• _What you need to do_
Figure out how many lines in these records contain "фото". Only the number belongs in the reply.

___ Input data ___

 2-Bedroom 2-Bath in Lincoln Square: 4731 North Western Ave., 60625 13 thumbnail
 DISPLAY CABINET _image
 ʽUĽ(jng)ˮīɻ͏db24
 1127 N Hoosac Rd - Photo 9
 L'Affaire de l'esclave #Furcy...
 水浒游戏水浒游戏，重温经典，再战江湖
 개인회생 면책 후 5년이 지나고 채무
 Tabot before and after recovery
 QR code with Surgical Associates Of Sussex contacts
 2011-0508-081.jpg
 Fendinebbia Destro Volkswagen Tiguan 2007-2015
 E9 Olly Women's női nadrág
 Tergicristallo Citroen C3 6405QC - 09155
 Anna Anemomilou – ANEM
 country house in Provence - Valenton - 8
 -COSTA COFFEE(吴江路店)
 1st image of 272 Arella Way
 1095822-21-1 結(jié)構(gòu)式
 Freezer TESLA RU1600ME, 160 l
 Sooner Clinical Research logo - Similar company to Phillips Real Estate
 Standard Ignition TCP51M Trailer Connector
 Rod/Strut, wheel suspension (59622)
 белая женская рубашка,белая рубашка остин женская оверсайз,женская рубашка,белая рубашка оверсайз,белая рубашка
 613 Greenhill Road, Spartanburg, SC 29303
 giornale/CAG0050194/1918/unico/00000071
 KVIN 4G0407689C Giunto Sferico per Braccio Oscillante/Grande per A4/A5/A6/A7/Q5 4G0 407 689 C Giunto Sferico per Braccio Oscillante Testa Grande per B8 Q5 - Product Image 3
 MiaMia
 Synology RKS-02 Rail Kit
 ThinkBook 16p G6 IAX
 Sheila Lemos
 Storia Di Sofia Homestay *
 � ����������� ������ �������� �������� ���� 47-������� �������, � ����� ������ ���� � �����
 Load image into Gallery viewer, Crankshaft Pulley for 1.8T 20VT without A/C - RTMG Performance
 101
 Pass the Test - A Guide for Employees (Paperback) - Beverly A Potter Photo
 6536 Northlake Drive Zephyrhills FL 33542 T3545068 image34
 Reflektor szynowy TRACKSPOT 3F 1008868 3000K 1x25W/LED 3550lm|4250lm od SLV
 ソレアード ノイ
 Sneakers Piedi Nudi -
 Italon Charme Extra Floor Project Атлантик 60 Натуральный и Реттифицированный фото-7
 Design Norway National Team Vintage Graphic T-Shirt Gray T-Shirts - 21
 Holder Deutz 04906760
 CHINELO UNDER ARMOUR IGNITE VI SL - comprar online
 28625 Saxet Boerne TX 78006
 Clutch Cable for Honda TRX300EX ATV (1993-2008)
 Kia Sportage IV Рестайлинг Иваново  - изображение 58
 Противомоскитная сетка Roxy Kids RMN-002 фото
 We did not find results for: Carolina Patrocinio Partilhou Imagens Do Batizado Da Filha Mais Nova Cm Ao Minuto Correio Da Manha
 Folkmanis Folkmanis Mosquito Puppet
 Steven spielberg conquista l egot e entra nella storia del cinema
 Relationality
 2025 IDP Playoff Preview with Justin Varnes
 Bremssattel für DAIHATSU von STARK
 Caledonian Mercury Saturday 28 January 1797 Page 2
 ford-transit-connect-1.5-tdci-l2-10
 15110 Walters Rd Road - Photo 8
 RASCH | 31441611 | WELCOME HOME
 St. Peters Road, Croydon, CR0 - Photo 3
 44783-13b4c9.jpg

___

• _Written solution_
2